▸ What is being asked
Once the line with "Spring Tulips of" is found in the entries below, repeat that line and every one after it exactly, ending at the last.

[Web page caption snippets]
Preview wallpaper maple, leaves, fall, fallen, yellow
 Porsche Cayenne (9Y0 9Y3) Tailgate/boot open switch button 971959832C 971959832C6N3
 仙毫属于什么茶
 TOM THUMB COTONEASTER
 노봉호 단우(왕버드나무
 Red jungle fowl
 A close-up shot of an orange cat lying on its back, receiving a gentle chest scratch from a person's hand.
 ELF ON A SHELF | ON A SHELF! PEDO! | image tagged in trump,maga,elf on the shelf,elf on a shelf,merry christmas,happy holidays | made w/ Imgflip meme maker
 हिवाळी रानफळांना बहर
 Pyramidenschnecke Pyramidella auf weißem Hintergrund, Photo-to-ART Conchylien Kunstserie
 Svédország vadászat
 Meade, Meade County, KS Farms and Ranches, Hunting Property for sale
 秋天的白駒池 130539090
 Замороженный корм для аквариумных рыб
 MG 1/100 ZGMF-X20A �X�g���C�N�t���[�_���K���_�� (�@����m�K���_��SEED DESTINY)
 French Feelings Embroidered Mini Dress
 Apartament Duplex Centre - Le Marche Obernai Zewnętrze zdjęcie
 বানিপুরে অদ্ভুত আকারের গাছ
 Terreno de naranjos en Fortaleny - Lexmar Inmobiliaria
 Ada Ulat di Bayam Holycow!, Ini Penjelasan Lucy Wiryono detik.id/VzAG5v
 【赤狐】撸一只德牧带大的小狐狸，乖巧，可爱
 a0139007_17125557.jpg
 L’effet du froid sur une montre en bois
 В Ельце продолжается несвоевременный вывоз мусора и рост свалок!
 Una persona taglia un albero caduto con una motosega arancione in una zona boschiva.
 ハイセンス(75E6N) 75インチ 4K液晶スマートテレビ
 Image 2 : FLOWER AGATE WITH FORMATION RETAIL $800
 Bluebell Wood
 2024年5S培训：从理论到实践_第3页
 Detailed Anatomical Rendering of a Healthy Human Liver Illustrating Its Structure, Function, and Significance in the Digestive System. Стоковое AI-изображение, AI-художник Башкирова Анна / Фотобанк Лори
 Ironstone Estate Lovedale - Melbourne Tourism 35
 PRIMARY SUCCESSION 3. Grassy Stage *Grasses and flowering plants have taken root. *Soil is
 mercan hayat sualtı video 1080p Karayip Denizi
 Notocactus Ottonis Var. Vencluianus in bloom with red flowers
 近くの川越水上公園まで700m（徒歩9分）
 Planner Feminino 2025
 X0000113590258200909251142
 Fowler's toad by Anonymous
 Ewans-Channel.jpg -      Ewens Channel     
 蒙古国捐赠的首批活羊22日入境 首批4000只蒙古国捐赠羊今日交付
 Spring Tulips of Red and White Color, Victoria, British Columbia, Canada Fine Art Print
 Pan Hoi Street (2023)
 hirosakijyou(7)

▸ Answer to this task
 Spring Tulips of Red and White Color, Victoria, British Columbia, Canada Fine Art Print
 Pan Hoi Street (2023)
 hirosakijyou(7)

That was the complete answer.